• _AIM OF THE EXERCISE_:
The lines from the start of the data up to and including the one with "Paparazzi Gold/Silver Tone" should be returned exactly, and nothing else.

*** DATA TO PROCESS ***

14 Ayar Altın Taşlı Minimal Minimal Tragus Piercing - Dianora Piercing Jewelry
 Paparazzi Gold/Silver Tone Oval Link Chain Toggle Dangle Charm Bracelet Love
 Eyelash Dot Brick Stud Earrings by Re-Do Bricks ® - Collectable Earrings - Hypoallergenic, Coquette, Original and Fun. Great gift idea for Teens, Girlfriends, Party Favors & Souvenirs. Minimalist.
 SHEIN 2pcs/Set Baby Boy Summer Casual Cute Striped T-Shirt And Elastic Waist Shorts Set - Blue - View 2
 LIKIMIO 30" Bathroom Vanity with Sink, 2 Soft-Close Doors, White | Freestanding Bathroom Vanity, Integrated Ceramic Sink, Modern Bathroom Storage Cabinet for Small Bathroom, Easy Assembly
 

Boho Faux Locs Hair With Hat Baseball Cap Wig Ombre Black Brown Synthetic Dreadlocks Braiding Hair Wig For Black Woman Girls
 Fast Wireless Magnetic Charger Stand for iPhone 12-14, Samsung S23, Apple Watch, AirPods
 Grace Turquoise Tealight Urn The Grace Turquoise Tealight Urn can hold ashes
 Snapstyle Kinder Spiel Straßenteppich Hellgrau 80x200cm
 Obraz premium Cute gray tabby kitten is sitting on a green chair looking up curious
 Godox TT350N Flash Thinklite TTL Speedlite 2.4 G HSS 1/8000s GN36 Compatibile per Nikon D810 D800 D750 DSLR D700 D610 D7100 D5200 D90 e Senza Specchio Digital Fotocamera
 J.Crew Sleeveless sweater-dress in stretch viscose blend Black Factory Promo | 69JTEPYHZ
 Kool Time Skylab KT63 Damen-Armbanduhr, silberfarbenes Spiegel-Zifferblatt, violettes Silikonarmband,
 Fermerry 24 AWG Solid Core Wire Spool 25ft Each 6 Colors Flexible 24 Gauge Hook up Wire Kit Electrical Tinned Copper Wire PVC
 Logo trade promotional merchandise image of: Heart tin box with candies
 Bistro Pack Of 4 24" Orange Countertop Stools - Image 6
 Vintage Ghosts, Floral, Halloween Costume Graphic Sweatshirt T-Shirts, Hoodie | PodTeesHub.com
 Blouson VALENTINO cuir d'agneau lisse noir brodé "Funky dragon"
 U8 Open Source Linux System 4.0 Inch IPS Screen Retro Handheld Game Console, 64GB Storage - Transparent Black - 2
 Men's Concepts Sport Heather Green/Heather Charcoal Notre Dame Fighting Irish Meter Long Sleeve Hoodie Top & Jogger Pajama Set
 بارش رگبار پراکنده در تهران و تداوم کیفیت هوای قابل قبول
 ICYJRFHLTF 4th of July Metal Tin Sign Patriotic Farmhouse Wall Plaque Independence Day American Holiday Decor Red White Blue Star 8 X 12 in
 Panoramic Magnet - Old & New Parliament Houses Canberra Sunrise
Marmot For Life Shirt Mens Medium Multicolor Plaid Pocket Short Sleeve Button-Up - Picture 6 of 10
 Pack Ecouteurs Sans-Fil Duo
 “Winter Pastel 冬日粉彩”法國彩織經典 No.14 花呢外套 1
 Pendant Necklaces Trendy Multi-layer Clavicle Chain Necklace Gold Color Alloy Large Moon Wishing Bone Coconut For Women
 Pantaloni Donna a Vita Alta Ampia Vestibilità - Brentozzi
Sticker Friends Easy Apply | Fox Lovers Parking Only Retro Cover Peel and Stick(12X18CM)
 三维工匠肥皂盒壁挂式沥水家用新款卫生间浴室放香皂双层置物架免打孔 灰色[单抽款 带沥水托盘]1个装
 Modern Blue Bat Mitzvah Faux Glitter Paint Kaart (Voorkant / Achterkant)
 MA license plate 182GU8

*** End of DATA TO PROCESS ***

• _TASK ANSWER_:
14 Ayar Altın Taşlı Minimal Minimal Tragus Piercing - Dianora Piercing Jewelry
 Paparazzi Gold/Silver Tone Oval Link Chain Toggle Dangle Charm Bracelet Love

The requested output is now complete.